Your product might become worse with more features but you need to have a check in your system to notice.
And that's measuring customer success. Agile doesn't deal with it. It has the INTENT, for sure, we all want to create great products. And the reason why it goes wrong so many times is that people "misunderstand" it constantly. But when is that the problem of the framework?
The reality is that companies use “Agile” as a buzzword to the extent that it lost all meaning. And frameworks, mindsets, and processes that don’t have meaning are ultimately paper tigers.
“You don’t understand Agile!”
My not understanding has nothing to do with it. The problem is what people commonly understand under the term. And it’s evident that if you have 5 “agile coaches” in a room you have 5 different opinions on what that actually means. For some, it’s a framework. For some a collection of processes, or a mindset!
Imagine “being agile” was a product:
You cannot blame your users to be stupid that they don't understand your interface, at some point you have to admit that the problem is the interface.
And in this case, “Agile” has lost all meaning. You can interpret anything into it.
Processes alone won’t save you
The gold standard is to use some ceremonies (personally a fan of standups and retros), reduce processes and give teams autonomy as long as they create a meaningful impact. → They need to be measurable otherwise it becomes a conviction circus
Whatever works.
Yes, we can use some agile processes and lament over the “mindset”. I even use some waterfall processes. But none of them address the fundamental problem:
You can execute agile processes perfectly by the book and still have a product that sucks. Don’t think that being agile is going to give you answers, because not even internally you will have agreement on what it means.

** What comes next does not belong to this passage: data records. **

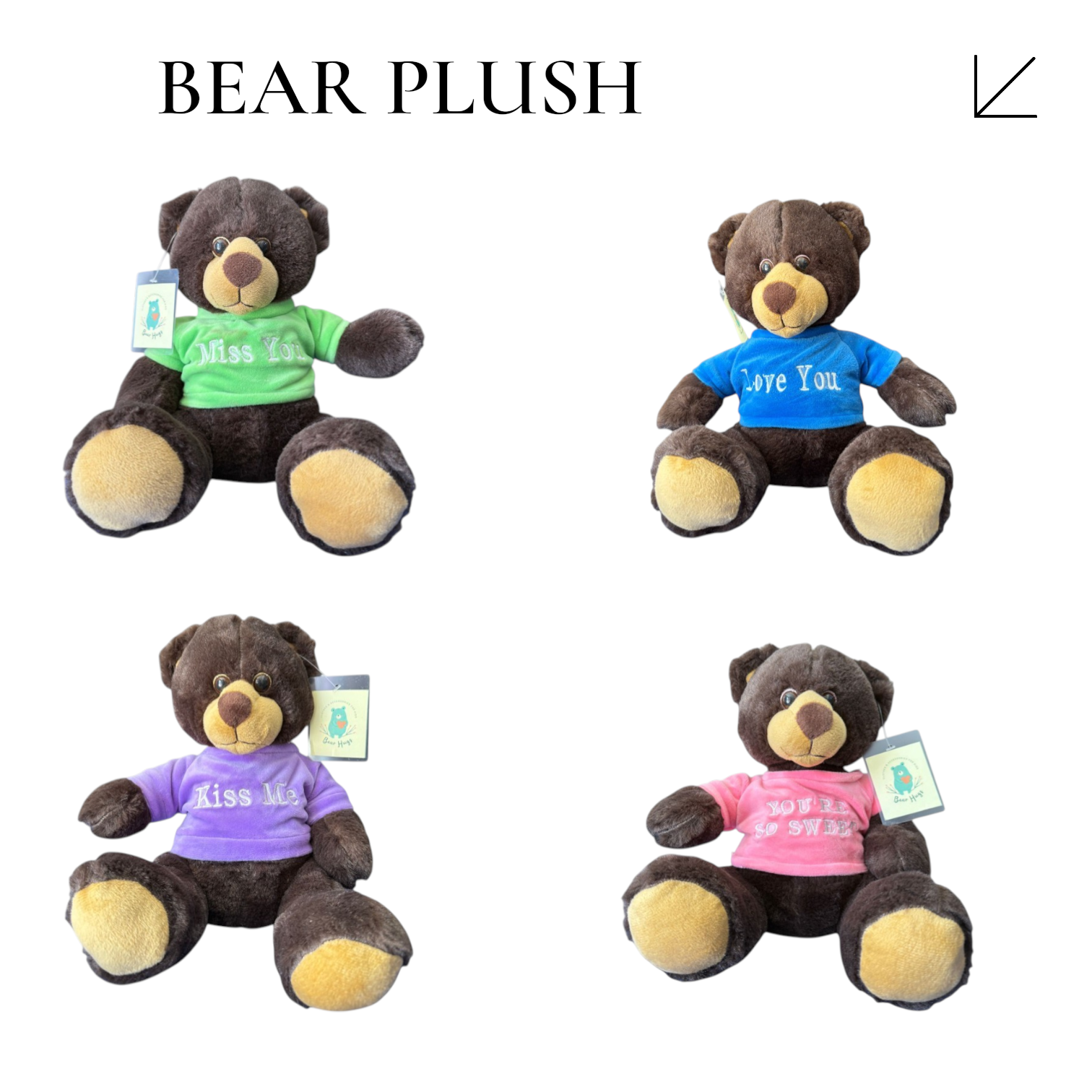 Message Bear Plush Series - KawaiWorld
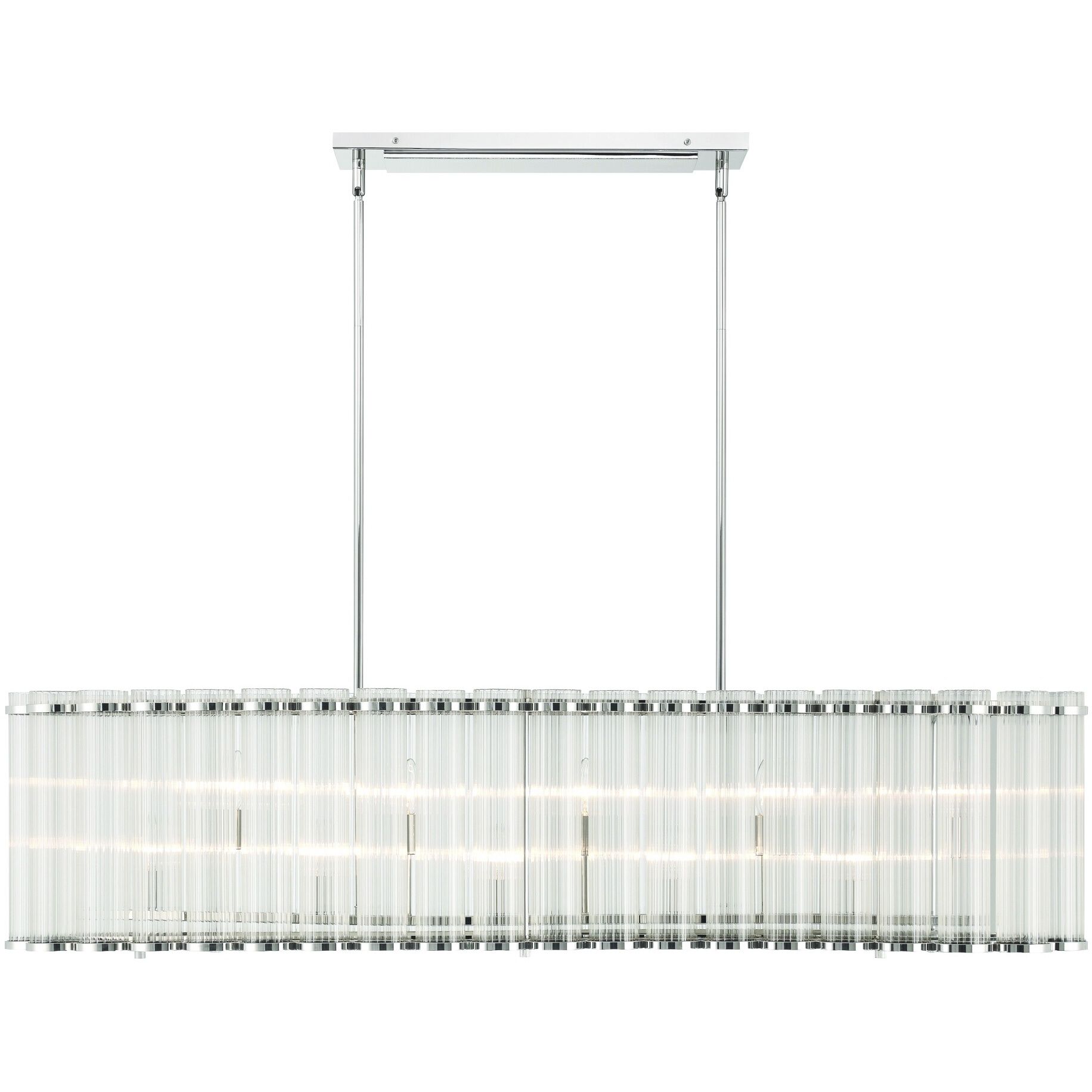 Glasbury 10 Light 12.75 inch Island Light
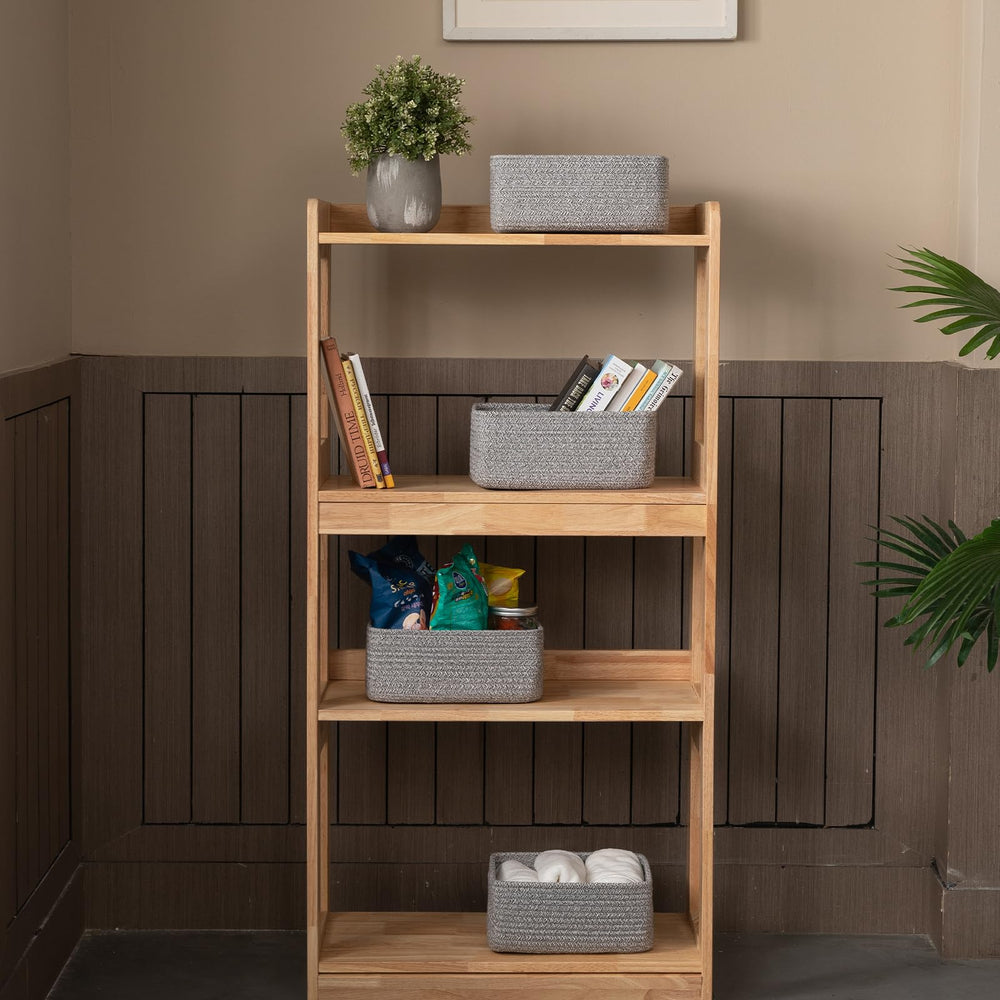 OIASKET mini woven rope bins for nursery organize toys neatly and safely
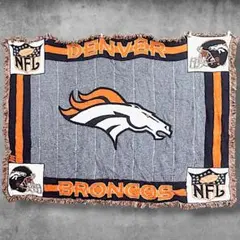 BOGC チーム ラグ マット 古着 USA製 NFL ブロンコス アメフト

The goal is not to ship something into production. The goal is to build something that allows us to test our hypothesis. The best way forward may be to not ship anything at all.
“I didn’t mean to drive over you with my car!”
It’s little consolation to someone in a traffic accident that you exit the car and tell them that you didn’t mean to drive over them. The most important thing is to get them into the hospital and analyze what lead to the accident so we can prevent further mistakes.
Intent becomes secondary. That’s why we have traffic rules and safety measures. We analyze constantly how our “users” are using their cars and roads and then we adjust the signaling.
We don’t place people on the side of the road that constantly scream “Well! You just don’t know how to drive! That’s now how the car was designed for!”
We adopt our cars and organizations based on the outcomes that they have. Anything else is arrogant lunacy:
A great product is one that delights users, not one that had 50 burnup points in the latest sprint retro.
Don't be married to processes just because that's what you learned.
Read more here on how to build organizations that scale:
C. Good post and I very much agree. The only thing that struck me was your comment “Today, discovering the right direction is the key. Whether you get there 20% faster than a competitor is just nice to have”. I think this has always been true. Moving quickly & aligned using agile and building the wrong thing for the wrong person was never rewarded or a successful outcome. The best companies get this right and to your point, this is very hard. Agile is not enough and it is a tool that brings cross functional teams together to execute well but the right direction will always be more important.
"You can have the perfect sprint and achieve still nothing" - I've been on teams where this was the case 1/4 of the time. We never would actually fix it though. Just kept moving along like everything was fine. Oof.